Le psychologue américain Guy Winch propose, dans un article sur la solitude inattendue des jeunes mamans (en anglais, ndlr), 5 points concrets qui pourraient t’aider :
- Prendre conscience du fait que tu te sens seule
- Faire appel à ta famille et à tes amis (invite-les par exemple à venir régulièrement)
- Chercher un groupe de jeunes parents, de jeunes mamans et les rencontrer
- Discuter de solutions potentielles avec ton partenaire, trouver de nouvelles pistes
- Passer des appels vidéos à tes amies ou à ta famille quand les journées sont longues et déprimantes (même en laissant l’appel en arrière fond, sans se parler tout le temps mais pour prendre part à la vie les uns des autres).
Guy Winch souligne combien c’est important d’agir.
Alors oui, elle est fort seule, la maman d’aujourd’hui.
Parfois, c’est moi/c’est toi cette maman seule qui doit réapprendre à tendre la main vers l’extérieur, à rassembler ses forces pour assouvir ses besoins profonds d’appartenance et de contacts… Et parfois c’est ton amie, ta voisine, ou une autre Fabuleuse qui souffre de solitude…
Et c’est peut-être à moi ou à toi de faire un pas en avant pour dire :
« Pas facile tous les jours, hein ? Tu sais, moi, quand j’avais deux enfants en bas âges, ma victoire du jour c’était de me brosser les dents avant midi trente et d’avoir encore deux enfants en vie à la fin de la journée ! ». Peut-être que tu lui diras : « Tiens, j’ai lu un truc sur le site des Fabuleuses qui m’a fait du bien ou qui m’a fait rire ou qui m’a fait sentir que je ne suis pas seule ».
Offrons-lui, offrons-nous ce dont nous avons tant besoin :
un accueil bienveillant et dénué de jugement.
On a toutes nos batailles, nos fantômes du passé, nos forces, nos superpouvoirs, nos moments trop gênants ou bien ceux où l’on se sent trop nulles, nos grandes réussites et nos plus beaux échecs, on a toutes nos rêves perdus et nos cœurs un peu tachés.

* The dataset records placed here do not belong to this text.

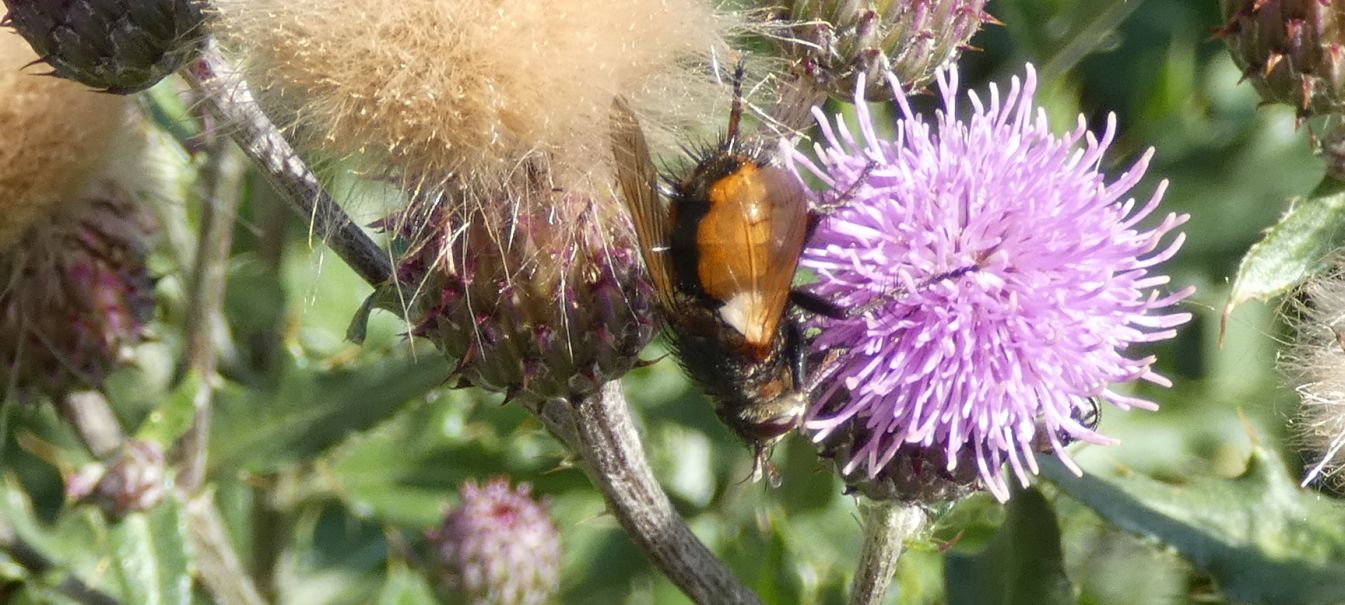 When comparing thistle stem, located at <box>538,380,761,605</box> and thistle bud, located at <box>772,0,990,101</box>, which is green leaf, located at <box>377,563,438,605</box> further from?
thistle bud, located at <box>772,0,990,101</box>

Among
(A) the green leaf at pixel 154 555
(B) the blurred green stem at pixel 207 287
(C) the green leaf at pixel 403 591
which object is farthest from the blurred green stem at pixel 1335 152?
(A) the green leaf at pixel 154 555

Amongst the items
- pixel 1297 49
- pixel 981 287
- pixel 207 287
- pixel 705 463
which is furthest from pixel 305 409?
pixel 1297 49

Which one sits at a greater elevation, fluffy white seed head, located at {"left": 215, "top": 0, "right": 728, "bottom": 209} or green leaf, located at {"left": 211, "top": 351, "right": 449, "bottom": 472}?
fluffy white seed head, located at {"left": 215, "top": 0, "right": 728, "bottom": 209}

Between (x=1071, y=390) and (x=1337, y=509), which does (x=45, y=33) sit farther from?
(x=1337, y=509)

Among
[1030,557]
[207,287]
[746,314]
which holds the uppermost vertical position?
[746,314]

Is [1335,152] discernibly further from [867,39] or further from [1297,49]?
[867,39]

Et tu sais, ma chère Fabuleuse, c’est dans l’accueil bienveillant de soi qu’on apprendra aussi à être un abri pour les autres lorsque le vent soufflera trop fort sur leur maison.
Soyons ces abris pour les autres mamans et n’oublions jamais de savoir demander de l’aide pour nous aussi… être fabuleuses et le vivre !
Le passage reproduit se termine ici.